Tom Engelhardt, in the www.tomdispatch.com, a weblog of the Nation Institute (Feb. 20, 2004):

Let's remember, when we do our historical multiplication tables, that everything happening now began somewhere, some time. Take the construction and engineering company Kellogg, Brown & Root, now serving (and feeding) our troops in Iraq in so many overpriced ways . It was founded as Brown & Root in Texas in 1919; sponsored the political career of, and was then sponsored in its search for government contracts by Senator Lyndon Baines Johnson; after being swallowed up by Halliburton, a burgeoning oil-services firm, in 1962, it followed vice president, then president LBJ into Vietnam where it was deeply involved in constructing"infrastructure" - bases and the like - for the U.S. military. As Jane Mayer reminds us in her recent New Yorker article on Halliburton and its former CEO, our present vice president, in those rebellious and sardonic days Brown & Root was known to many American soldiers by the familiar nickname,"Burn and Loot."

And so it goes, as Kurt Vonnegut might say. And so it continues to go, as KBR, still part of Halliburton, supports the American effort in Iraq to the tune of multi-billions in support of another vice president with an even closer relationship to the company. What pet names our soldiers in Iraq have bestowed on KBR this time around I don't know, nor do I know who built the"infrastructure" for our first great offshore imperial venture, our annexation and conquest of the Philippines over a century ago, though Filipino columnist Renato Redentor Constantino might well.

The war in Vietnam we're re-imagining and arguing over in this presidential season is but a pale shadow of the grisly event itself, and our no less grisly military years in the Philippines, which paved the way for Vietnam, are long gone from American memory, though, as Constantino wants to remind us below, they shouldn't be.

And yet it would be incorrect to say that no one remembers this ancient history. Perhaps it's just that the wrong people remember it the wrong way. Take the following recent remarks by former general and would-be viceroy of Iraq Jay Garner , who was quickly replaced by L. Paul Bremer in the early days of our Iraqi debacle:

"'I think one of the most important things we can do right now is start getting basing rights' in both northern and southern Iraq, Garner said, adding that such bases could provide large areas for military training. 'I think we'd want to keep at least a brigade in the north, a self-sustaining brigade, which is larger than a regular brigade,' he added.
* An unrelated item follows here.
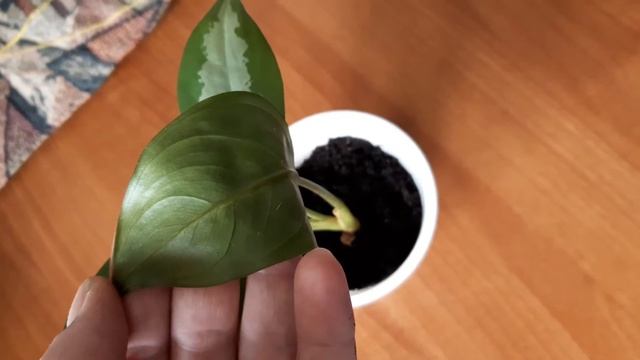 Аглаонема Паттая Бьюти (Код 23-22) смотреть онлайн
"Noting how establishing U.S. naval bases in the Philippines in the early 1900s allowed the United States to maintain a 'great presence in the Pacific,' Garner said, 'To me that's what Iraq is for the next few decades. We ought to have something there ... that gives us great presence in the Middle East. I think that's going to be necessary.'"

Back in the years between the conquest of the Philippines and the war in Vietnam, the Pacific was sometimes spoken of here as"America's lake" and in the World War II years there was even a tin-pan alley tune with the pop title,"To be specific, it's our Pacific." Somehow,"America's desert" doesn't have quite the same ring to it, and I don't think the title,"To be specific, they're our oil reserves" would fly.